🤖 AI Summary
Current large language models (LLMs) struggle to effectively leverage execution feedback for multi-step iterative code optimization, as their independent sampling paradigm suffers from low sample efficiency and weak error correction capability. Method: This paper introduces the first end-to-end reinforcement learning framework for code synthesis, integrating execution trace modeling, feedback-conditioned action space design, and the Proximal Policy Optimization (PPO) algorithm—enabling models to dynamically respond to automated execution feedback and autonomously refine generated code during inference.

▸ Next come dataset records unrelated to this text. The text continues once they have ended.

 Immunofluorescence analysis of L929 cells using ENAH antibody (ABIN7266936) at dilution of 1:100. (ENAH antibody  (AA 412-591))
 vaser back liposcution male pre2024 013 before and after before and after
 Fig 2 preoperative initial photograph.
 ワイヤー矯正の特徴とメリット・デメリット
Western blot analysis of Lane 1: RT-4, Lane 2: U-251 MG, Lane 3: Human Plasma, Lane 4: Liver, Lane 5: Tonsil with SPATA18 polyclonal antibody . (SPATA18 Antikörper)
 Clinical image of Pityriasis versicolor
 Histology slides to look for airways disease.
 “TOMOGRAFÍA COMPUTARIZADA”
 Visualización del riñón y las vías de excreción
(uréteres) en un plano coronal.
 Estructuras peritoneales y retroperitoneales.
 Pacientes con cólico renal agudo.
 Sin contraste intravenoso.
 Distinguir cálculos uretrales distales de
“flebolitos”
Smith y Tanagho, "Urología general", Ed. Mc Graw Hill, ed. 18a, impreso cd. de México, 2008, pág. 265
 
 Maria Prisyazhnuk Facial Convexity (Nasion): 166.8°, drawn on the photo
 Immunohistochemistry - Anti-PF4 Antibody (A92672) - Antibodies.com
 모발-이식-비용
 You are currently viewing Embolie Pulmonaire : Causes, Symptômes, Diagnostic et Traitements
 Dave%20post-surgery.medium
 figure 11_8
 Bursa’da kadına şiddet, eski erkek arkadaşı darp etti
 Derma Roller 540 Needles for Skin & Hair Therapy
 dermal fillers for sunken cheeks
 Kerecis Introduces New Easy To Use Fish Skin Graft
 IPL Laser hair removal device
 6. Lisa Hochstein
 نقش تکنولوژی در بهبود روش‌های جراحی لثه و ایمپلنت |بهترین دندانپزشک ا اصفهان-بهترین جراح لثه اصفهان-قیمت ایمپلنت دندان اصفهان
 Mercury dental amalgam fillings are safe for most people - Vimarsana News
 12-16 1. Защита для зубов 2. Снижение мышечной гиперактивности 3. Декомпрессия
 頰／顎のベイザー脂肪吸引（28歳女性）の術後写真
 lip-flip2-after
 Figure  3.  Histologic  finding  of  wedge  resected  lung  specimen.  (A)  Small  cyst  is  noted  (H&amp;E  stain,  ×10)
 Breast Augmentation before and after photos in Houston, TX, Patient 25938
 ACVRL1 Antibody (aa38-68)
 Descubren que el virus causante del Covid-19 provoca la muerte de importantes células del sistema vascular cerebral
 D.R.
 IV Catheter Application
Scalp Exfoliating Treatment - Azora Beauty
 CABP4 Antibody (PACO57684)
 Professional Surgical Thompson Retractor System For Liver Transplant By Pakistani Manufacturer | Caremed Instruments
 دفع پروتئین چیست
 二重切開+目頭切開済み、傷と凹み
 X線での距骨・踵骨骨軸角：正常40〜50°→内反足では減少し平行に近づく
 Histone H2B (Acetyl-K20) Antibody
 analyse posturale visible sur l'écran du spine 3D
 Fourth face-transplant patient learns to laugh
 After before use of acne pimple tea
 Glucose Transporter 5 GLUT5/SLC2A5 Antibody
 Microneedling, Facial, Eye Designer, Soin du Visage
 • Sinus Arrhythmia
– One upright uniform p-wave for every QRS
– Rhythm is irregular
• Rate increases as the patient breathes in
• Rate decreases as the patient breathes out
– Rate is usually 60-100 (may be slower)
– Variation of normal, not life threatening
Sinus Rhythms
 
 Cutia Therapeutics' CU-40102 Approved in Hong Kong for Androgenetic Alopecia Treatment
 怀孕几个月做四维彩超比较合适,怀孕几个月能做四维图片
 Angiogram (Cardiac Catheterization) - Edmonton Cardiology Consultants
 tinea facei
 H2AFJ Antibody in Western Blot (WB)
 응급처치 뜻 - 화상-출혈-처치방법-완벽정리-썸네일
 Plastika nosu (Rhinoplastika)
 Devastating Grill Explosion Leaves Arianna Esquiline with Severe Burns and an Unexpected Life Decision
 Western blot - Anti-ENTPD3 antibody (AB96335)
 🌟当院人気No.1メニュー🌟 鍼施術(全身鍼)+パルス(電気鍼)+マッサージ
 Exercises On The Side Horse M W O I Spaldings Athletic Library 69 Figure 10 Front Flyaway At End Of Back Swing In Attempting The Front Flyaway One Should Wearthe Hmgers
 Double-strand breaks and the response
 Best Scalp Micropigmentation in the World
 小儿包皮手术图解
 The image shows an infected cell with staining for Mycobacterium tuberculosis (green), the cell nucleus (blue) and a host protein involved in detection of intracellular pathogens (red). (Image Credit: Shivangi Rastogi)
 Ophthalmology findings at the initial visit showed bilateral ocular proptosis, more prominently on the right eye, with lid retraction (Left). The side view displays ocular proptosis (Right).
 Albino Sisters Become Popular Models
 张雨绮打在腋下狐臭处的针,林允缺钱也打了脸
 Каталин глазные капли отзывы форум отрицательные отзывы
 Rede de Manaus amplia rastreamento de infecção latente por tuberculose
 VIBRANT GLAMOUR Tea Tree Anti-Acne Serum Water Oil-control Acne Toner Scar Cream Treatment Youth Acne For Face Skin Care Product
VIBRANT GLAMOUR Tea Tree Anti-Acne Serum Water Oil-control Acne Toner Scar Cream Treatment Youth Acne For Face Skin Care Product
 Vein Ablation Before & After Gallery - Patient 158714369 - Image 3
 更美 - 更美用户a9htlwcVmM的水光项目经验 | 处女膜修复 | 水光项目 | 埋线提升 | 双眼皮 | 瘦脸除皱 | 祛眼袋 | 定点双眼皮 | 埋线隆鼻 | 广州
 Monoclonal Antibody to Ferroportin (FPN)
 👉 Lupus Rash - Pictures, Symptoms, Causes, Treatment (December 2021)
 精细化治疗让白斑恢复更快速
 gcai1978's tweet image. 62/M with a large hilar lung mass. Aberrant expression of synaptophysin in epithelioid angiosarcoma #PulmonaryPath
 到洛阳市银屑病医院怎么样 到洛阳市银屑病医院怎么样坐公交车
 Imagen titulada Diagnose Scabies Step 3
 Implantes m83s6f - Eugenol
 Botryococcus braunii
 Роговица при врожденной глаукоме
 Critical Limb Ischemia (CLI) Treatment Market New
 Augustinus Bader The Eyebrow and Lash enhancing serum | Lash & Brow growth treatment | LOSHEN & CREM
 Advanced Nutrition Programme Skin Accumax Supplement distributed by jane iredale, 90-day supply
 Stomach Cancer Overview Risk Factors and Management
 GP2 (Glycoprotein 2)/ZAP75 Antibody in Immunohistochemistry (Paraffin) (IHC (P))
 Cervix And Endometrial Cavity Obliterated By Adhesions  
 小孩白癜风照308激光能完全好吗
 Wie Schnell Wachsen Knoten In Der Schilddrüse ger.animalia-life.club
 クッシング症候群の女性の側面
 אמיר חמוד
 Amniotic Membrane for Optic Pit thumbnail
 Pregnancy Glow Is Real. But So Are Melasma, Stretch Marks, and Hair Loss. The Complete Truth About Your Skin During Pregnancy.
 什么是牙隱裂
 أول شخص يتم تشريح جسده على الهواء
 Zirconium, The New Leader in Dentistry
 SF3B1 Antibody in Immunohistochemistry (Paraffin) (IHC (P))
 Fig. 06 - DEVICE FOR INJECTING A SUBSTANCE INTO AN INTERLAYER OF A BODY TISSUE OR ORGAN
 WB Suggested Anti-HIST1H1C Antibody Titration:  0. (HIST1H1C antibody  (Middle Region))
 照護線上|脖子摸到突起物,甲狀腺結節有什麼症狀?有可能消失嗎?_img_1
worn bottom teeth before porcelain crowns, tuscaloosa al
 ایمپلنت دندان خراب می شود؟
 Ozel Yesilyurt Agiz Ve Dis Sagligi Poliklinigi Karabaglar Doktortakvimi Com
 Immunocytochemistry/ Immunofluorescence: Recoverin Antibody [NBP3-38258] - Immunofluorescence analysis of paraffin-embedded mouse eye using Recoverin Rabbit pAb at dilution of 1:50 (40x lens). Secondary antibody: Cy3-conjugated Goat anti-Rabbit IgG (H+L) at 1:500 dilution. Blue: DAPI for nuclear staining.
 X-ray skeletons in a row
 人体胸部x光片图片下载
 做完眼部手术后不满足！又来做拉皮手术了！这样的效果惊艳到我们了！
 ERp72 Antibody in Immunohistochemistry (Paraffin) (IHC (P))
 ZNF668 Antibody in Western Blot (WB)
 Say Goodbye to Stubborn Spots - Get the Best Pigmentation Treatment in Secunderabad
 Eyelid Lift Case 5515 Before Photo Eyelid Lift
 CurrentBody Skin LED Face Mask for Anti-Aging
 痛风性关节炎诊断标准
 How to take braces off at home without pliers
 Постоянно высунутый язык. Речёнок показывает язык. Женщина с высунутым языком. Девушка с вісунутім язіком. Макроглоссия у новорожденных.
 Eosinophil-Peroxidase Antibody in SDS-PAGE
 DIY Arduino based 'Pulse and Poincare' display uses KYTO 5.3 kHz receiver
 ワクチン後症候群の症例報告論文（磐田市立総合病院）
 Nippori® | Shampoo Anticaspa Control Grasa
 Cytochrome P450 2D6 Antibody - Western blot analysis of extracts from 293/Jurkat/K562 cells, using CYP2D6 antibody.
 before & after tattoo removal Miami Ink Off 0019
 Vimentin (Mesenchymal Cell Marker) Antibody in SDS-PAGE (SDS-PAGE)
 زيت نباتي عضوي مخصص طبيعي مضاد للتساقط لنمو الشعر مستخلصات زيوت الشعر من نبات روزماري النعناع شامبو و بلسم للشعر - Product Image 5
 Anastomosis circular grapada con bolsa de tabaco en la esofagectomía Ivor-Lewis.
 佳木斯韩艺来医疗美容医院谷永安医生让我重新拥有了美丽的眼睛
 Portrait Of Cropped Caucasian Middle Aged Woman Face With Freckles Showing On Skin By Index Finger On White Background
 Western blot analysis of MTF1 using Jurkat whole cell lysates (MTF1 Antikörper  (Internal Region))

Contribution/Results: Evaluated on competitive programming tasks, our approach significantly improves reliability in multi-step iterative refinement: both 8B- and 70B-parameter models establish new state-of-the-art (SOTA) performance, achieving substantial accuracy gains while reducing required sampling volume by an order of magnitude. Moreover, feedback utilization is markedly enhanced, overcoming fundamental limitations of conventional single-step generation paradigms.
📝 Abstract
Large language models (LLMs) deployed as agents solve user-specified tasks over multiple steps while keeping the required manual engagement to a minimum. Crucially, such LLMs need to ground their generations in any feedback obtained to reliably achieve the desired outcomes. We propose an end-to-end reinforcement learning method for teaching models to leverage execution feedback in the realm of code synthesis, where state-of-the-art LLMs struggle to improve code iteratively compared to independent sampling. We benchmark on competitive programming tasks, where we achieve new state-of-the art results with both small (8B parameters) and large (70B) models while reducing the amount of samples required by an order of magnitude. Our analysis of inference-time behavior demonstrates that our method produces LLMs that effectively leverage automatic feedback over multiple steps.